It was the day before my high school graduation. The seminary building was packed with students, most of them graduating seniors full of anticipation of the next day’s big event.
It had been a great year for me, and now my high school years were coming to an end. I was standing in a large group of noisy, excited seniors signing yearbooks when a girl I didn’t know asked me if she could sign my book. I thought it was a little unusual, but I shrugged and handed it over. She gave me a big smile and hurried off to a desk in one of the classrooms.
That night as I was looking through my yearbook and smiling at all the things my friends had written, I came to a small paragraph that began, “You don’t know me, but I have been watching you all year.”

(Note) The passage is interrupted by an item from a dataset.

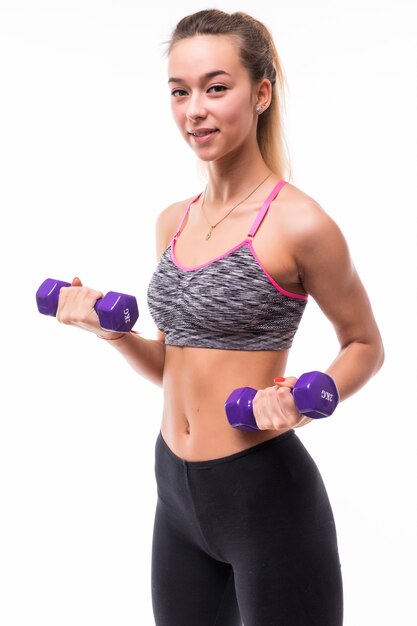 Young attractive fitness girl woman make different aerobics exercises with dumbbells on white dressed up in sportswear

I was shocked. I read that sentence over and over. I hadn’t been living my life as if someone might be watching me. I had only been thinking of what a good time I was having. I read on. This girl who had asked to sign my yearbook also wrote that she had noticed how active I was in seminary and that she was determined to be just like me.
While I was proud she had chosen me to admire, what I mostly felt at that moment was a profound sense of relief that I had not unknowingly led her down the wrong path by my actions. Not once during that last year of high school had I considered myself a role model to younger students. But that night when I said my prayers, I thanked Heavenly Father for righteous parents, inspiring teachers, and good friends who had made it easy for me to choose the right.
I never saw that girl again. But I have always remembered the moment she changed my life by asking to sign my yearbook. I have tried since that day to live each minute as though someone is watching—because someone usually is.